Reproduce the data in full, exactly as given, leaving images out.

BEGIN Input data

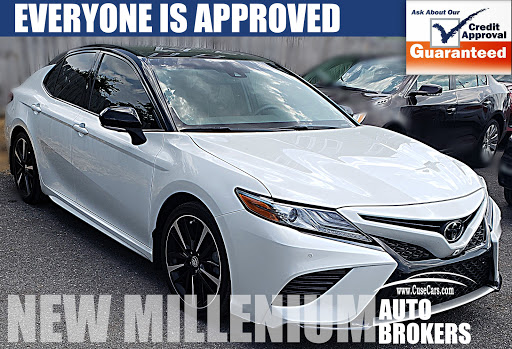 Used Car Dealer «New Millenium Auto Brokers», reviews and photos, 500 Hiawatha Blvd, Syracuse, NY 13208, USA
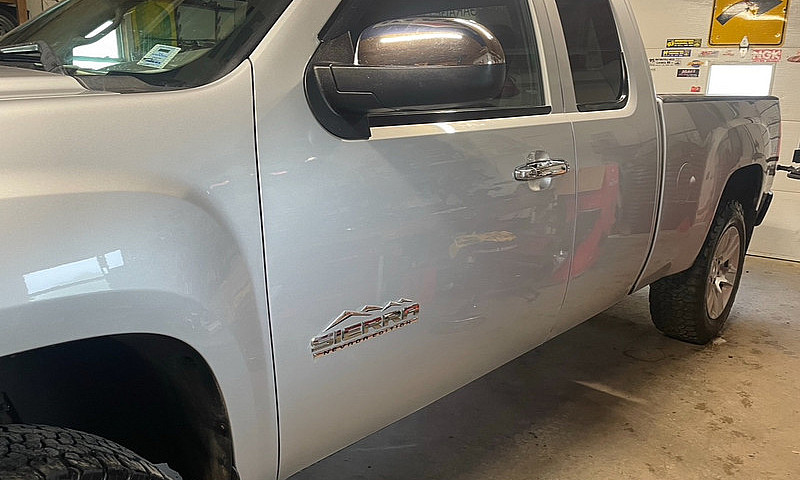 2013 Gmc Sierra 4X4 ...
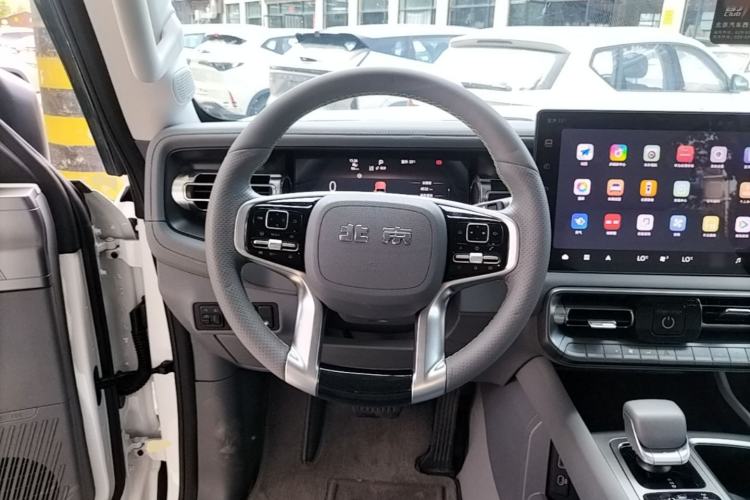 Used BAIC Off-Road BJ40 Electric Drive 2025 Standard Version I Steering Wheel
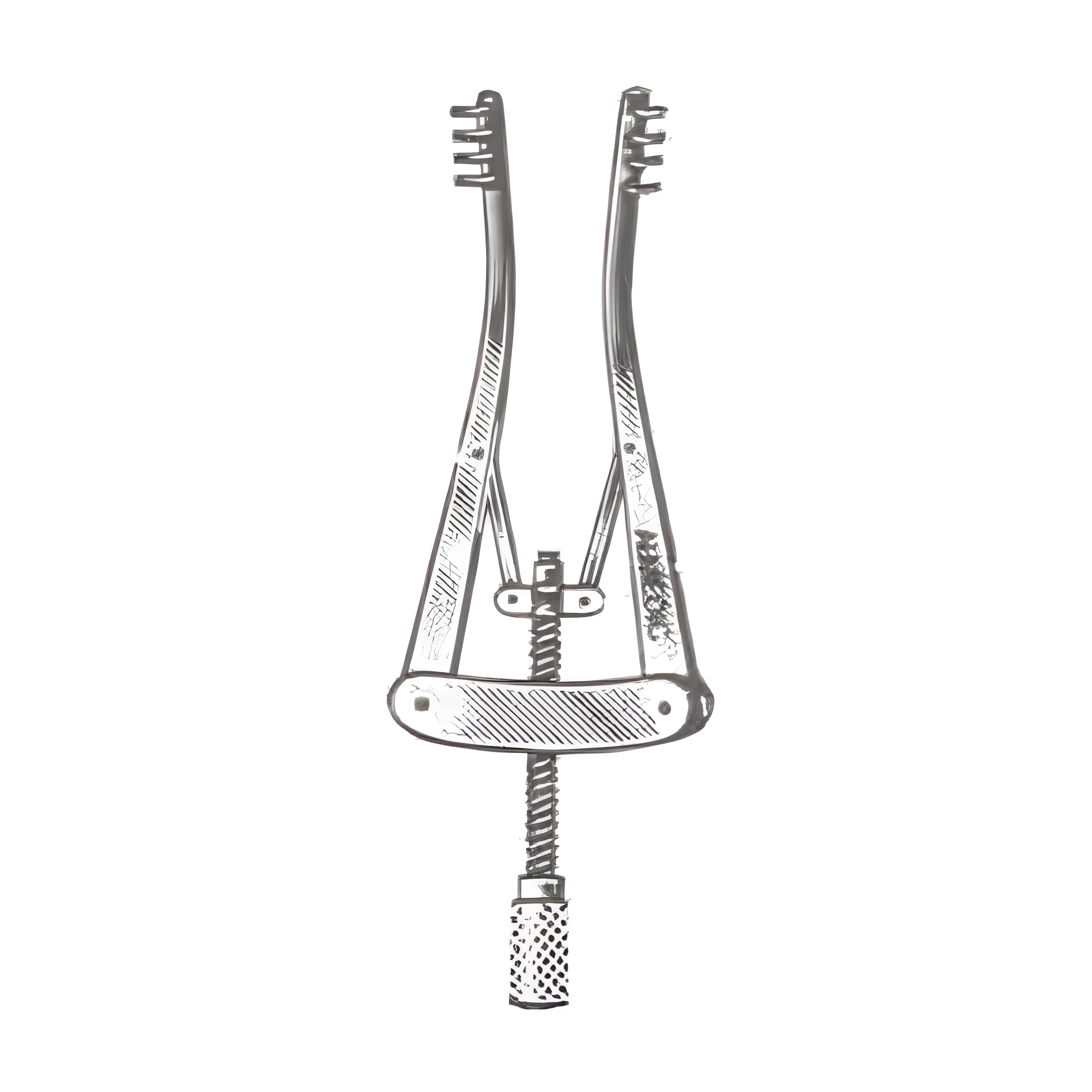 Alm Retractor, sharp | United Canada Inc.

END Input data

> [Answer to the problem]
 Used Car Dealer «New Millenium Auto Brokers», reviews and photos, 500 Hiawatha Blvd, Syracuse, NY 13208, USA
 2013 Gmc Sierra 4X4 ...
 Used BAIC Off-Road BJ40 Electric Drive 2025 Standard Version I Steering Wheel
 Alm Retractor, sharp | United Canada Inc.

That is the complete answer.